By the time we roll into Old Man Rivers’ driveway, the sun is peeking up over the trees and the air around us is warming.
Rivers lives far enough from town that it’s a trek to get up here, but I’m never disappointed.
The old cabin he owns looks as though it was built in the 1800s, full of jutting old wood and antique shingles, and his homestead includes cows, pigs, donkeys, horses, and chickens.
All of which I’ll get to pet before we leave.
I park in front of the ancient house and jump out of the truck, heading toward the bed to help Cameron with the art piece. This one is small, compared to some of the things we’ve done, but when I arrive at the open end of the bed, I stop to admire it.
“God that’s gorgeous.” I let my eyes slip across the surface of the piece, which is even prettier out here in the sun, angles and sheet metal set off by the thicker outline of horseshoes and nails.
Cameron has spent the last three years as an apprentice to the local blacksmith, learning the ropes when it comes to horseshoes and most of the metal work in town, but a year ago he started talking about using his skills with a forge and hammer to make artwork.
I didn’t understand what he meant at first, but when he made his first piece–just a rough set of horseshoes welded together in a whole new pattern–I started to see what he meant.

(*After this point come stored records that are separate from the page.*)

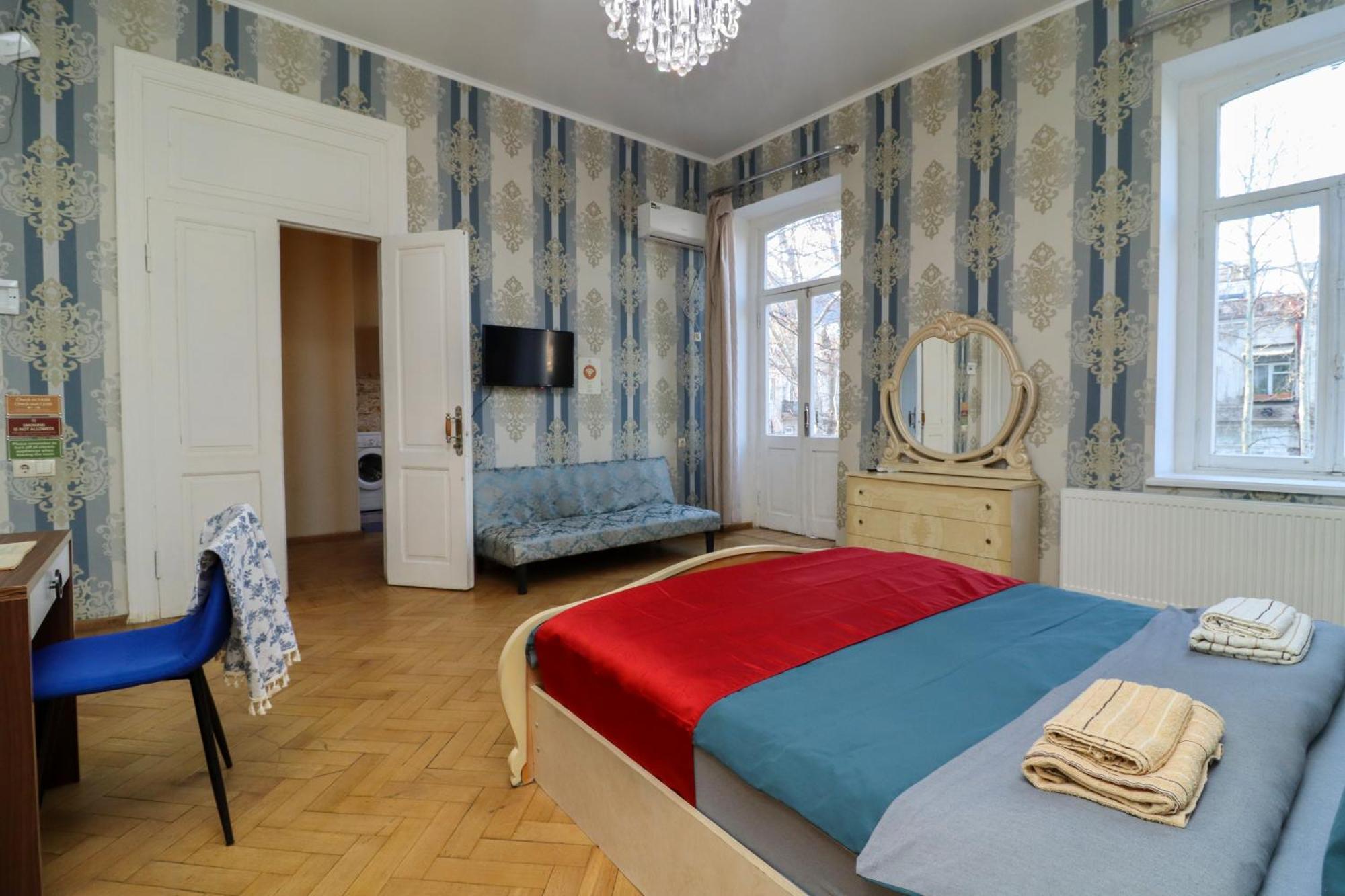 Хостел Leon Rooms Тбилиси Экстерьер фото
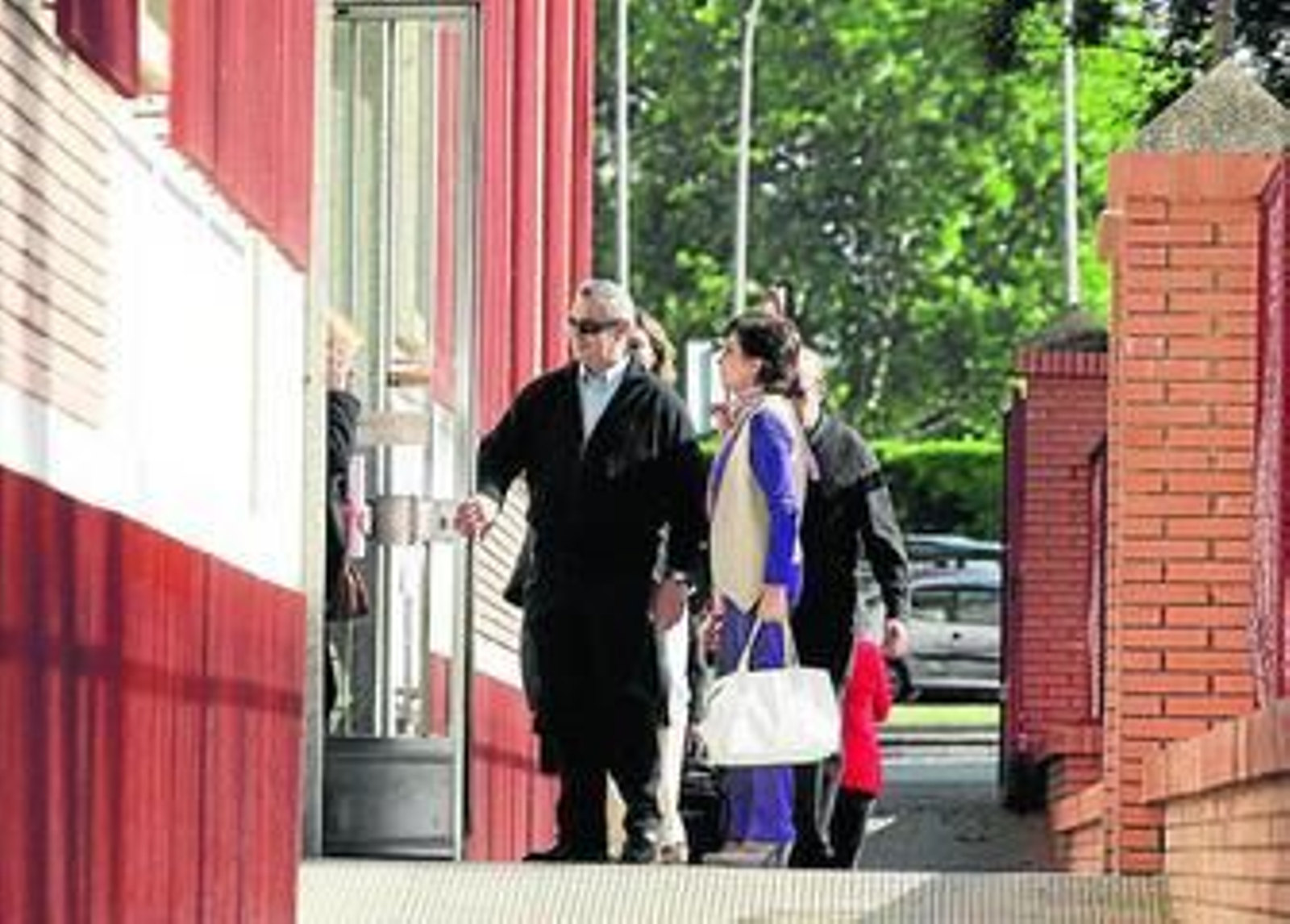 El hermano Manuel Ortiz, el pasado lunes, accediendo a los juzgados.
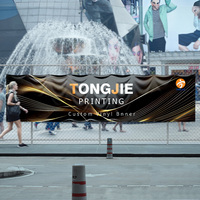 Bannière en vinyle avec logo personnalisé Bâche double face aux couleurs vives pour l'impression numérique de clôtures de construction pour l'automobile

He looks at metal in a whole different way, even when it’s already got a function.
For him, the horseshoes dance into something prettier, sheet metal becomes more than just a flat plain of aluminum, and they blend together in a way that screams Cameron Hawke with every breath.
He’s getting really good, too. Every piece is prettier than the last.
His reputation has also grown, thanks in large part to me taking over the marketing and bookkeeping aspect of the business.
We don’t have a shop or a real studio, but I’ve arranged so many exhibits that nearly everyone has seen his work, and I’ve started using our Uncle Gunner’s shop as a place to “store” extra art, so that anyone who goes in there happens to see it.
Which means people in town have started placing orders.
I’m the one that makes sure they happen, and that we deliver on time.
And I know what you’re thinking: I don’t have what it takes to make sure anything happens on time. I’m just the daughter of a man who didn’t want to stay and a woman who killed herself when life got too tough. I don’t have any respect for life or the rules it takes to live it.